Susan Walsh/AP Photo
President Joe Biden speaks at the Lucy Evans Baylands Nature Interpretive Center and Preserve in Palo Alto, California, June 19, 2023.
The Biden-Harris administration has made progress on 85 percent of climate change policies proposed by Evergreen Action in 2020, the climate nonprofit says in a report released today.
The group released their findings at a critical time for President Biden as he seeks to hold onto his candidacy and emphasize the accomplishments of the past four years. According to the study, the Biden-Harris administration has completed 155 proposals and made some progress on 125 out of the 329 policies proposed by Evergreen Action in their 2020 plan. That’s nearly half of the group’s proposals that have been completely accomplished.

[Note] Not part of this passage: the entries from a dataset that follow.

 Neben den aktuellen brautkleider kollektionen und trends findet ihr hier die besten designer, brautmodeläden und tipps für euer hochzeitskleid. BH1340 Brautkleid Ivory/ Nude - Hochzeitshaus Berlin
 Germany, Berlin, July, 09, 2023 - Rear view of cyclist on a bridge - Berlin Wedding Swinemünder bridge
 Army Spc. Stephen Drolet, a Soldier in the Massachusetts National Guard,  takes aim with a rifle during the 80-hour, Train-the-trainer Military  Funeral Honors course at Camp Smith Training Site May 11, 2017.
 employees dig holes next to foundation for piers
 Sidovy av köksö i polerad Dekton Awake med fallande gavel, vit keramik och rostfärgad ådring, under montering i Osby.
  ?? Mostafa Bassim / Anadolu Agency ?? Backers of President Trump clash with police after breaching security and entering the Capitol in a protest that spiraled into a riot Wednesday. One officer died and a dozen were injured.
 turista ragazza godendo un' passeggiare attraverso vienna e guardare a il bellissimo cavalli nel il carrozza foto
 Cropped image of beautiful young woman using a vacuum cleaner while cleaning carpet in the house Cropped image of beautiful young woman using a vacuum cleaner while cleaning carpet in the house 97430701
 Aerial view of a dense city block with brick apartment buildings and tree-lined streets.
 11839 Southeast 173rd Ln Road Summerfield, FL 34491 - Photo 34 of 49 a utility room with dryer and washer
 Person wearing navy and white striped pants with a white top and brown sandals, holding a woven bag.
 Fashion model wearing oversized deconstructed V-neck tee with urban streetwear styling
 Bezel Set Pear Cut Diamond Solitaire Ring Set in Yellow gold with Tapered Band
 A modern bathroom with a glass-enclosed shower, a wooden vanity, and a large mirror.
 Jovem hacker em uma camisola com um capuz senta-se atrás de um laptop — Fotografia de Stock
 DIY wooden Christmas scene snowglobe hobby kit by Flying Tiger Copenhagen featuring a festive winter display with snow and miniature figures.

Evergreen, founded by former staffers on Washington Gov. Jay Inslee’s 2020 presidential campaign, has been an influential player in the crafting of the White House’s environmental policies. Four years ago, the nonprofit adapted Inslee’s climate action plan into the Evergreen Action Plan, which put forth 329 climate and environmental recommendations for whoever would win the Democratic primary.
In July 2020, as the Democratic nominee, Biden put out his climate plan, which Evergreen notes contained key recommendations lifted from their plan. Some of the most monumental proposals in Biden’s plan were the creation of a Civilian Climate Corps, a commitment to direct 40 percent of climate investments to disadvantaged communities, and historic investments in clean energy.
After Biden’s election, many of the Evergreen Action Plan’s recommendations were swept up in the Inflation Reduction Act (IRA), including the creation of green banking programs that fund climate action and grant programs like the Greenhouse Gas Reduction Fund.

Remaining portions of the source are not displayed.